[Opening Given data section]

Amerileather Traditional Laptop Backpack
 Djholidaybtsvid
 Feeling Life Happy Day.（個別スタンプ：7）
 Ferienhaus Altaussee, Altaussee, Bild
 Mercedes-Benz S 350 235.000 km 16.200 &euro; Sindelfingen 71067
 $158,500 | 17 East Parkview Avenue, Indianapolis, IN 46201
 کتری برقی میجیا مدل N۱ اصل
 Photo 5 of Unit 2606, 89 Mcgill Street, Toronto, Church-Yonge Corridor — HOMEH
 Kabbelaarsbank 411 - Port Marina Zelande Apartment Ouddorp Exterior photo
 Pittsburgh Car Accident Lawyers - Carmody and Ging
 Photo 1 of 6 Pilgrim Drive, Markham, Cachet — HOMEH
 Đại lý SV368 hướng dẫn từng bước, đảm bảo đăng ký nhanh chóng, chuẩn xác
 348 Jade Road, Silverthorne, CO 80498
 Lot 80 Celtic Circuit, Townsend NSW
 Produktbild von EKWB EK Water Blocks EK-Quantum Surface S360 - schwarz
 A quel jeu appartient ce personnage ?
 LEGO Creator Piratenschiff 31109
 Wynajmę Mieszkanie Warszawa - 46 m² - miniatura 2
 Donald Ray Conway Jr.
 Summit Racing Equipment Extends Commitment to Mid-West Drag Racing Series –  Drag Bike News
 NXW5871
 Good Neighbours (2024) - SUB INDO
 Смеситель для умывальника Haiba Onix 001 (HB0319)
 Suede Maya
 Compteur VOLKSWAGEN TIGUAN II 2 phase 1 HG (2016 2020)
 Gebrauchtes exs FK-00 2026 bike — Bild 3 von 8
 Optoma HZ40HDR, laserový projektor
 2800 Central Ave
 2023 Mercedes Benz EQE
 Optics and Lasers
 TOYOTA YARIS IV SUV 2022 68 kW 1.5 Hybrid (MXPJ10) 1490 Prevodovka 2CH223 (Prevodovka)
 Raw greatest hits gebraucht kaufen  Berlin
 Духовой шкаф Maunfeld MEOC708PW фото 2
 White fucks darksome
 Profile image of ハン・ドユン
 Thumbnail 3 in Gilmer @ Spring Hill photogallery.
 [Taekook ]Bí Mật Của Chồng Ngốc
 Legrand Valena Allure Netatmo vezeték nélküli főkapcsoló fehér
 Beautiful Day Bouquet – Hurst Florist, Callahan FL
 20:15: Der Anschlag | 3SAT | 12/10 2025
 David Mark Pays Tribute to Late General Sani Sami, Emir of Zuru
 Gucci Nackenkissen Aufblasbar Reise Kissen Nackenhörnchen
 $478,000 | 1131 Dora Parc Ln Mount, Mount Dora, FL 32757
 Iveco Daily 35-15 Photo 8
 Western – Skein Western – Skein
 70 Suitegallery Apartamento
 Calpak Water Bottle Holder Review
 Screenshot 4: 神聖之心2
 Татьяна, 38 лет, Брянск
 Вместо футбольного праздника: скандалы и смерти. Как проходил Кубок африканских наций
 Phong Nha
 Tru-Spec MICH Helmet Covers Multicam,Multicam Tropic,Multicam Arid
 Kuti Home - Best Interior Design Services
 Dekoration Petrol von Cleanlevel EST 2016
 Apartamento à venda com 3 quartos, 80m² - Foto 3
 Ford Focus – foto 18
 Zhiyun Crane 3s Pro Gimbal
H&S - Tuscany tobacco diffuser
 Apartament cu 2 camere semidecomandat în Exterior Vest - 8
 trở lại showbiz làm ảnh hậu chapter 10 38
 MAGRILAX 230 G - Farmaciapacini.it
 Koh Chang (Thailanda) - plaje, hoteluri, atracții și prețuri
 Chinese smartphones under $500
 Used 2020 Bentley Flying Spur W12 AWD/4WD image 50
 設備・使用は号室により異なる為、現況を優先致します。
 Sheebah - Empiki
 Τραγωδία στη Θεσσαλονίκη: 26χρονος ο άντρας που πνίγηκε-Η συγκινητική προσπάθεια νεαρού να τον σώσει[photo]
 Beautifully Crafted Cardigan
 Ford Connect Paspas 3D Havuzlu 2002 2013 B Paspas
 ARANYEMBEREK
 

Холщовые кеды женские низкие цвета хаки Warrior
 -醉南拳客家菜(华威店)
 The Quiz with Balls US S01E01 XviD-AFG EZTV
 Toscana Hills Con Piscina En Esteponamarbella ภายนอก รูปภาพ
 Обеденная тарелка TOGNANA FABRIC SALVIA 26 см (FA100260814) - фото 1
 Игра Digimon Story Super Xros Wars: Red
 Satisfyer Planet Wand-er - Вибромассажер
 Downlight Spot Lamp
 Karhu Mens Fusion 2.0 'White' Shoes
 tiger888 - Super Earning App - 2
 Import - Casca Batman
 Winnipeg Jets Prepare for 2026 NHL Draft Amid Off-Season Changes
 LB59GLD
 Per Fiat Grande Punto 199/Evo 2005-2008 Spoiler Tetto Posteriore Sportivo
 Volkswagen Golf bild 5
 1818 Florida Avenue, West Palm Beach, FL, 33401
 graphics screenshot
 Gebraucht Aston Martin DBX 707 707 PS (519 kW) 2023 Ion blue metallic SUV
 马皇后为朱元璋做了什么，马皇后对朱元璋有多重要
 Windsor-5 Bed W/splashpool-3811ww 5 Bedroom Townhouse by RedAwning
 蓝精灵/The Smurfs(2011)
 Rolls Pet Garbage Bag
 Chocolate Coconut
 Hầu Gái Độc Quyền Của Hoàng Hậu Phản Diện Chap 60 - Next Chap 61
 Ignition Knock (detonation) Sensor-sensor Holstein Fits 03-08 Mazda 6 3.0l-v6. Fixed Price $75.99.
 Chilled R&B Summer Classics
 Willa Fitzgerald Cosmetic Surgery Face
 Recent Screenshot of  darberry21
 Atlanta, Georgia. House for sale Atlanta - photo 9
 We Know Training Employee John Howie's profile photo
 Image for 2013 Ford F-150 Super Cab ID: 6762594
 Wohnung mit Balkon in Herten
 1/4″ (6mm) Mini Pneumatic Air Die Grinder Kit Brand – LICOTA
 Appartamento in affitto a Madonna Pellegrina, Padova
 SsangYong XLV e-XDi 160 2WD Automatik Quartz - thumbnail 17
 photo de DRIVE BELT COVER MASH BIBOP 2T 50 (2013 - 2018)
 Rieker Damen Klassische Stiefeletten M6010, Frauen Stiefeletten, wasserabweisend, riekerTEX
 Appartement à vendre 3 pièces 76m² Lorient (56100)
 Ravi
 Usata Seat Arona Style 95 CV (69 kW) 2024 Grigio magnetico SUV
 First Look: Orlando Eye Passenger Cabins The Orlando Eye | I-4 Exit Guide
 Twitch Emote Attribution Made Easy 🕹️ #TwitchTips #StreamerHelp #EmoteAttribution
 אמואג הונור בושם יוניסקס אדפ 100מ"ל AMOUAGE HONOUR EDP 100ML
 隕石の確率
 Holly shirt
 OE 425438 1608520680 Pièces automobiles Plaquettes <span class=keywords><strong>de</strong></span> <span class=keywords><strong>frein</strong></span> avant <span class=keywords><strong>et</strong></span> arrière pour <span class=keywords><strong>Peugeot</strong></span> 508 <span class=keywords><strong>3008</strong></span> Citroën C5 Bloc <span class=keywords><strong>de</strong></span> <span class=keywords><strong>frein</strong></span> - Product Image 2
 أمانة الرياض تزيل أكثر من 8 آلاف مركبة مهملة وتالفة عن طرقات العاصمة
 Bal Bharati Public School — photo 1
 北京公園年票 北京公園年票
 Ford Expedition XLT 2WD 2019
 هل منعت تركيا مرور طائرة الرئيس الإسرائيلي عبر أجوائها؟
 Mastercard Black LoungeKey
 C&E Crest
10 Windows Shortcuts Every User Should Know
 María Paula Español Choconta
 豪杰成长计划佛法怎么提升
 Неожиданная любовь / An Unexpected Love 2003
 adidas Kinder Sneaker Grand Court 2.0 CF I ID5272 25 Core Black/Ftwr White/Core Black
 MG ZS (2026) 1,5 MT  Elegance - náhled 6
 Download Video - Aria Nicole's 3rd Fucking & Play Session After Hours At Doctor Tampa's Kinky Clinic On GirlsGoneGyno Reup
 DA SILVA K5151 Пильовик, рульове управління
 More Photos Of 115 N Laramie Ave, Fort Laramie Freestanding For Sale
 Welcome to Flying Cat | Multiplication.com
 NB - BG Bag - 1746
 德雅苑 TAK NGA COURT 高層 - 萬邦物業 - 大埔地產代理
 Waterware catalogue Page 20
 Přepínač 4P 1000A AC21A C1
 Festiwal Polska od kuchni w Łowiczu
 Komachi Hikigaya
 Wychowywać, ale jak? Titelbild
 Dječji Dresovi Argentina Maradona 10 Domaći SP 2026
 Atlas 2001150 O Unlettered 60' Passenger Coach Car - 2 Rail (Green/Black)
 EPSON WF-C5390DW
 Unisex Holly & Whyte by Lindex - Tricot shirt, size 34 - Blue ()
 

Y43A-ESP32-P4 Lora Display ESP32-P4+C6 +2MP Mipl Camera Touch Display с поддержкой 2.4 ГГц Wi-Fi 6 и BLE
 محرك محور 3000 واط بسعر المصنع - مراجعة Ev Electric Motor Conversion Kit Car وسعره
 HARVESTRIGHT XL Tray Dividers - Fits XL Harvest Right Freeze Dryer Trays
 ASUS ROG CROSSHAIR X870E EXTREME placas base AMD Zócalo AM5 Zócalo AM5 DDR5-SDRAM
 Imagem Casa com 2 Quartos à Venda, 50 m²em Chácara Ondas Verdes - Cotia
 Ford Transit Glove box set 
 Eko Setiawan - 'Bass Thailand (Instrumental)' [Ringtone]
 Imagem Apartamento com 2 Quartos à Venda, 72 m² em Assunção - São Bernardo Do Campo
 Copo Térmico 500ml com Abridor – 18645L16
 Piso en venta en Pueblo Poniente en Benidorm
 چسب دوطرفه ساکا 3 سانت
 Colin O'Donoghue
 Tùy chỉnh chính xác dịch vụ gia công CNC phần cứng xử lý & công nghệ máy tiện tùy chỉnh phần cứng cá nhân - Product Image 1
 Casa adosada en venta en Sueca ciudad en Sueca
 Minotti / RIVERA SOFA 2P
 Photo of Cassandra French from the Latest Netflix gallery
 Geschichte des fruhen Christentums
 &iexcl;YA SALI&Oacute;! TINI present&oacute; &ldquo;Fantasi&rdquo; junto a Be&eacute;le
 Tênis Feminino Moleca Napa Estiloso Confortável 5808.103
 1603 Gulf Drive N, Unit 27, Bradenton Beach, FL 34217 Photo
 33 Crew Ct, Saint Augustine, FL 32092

[Closing Given data section]

### Exercise
In the listing above, find the line with "Imagem Apartamento com" and the line with "Colin O'Donoghue". Output those two lines and every line between them, exactly as written.

### Output of the exercise
 Imagem Apartamento com 2 Quartos à Venda, 72 m² em Assunção - São Bernardo Do Campo
 Copo Térmico 500ml com Abridor – 18645L16
 Piso en venta en Pueblo Poniente en Benidorm
 چسب دوطرفه ساکا 3 سانت
 Colin O'Donoghue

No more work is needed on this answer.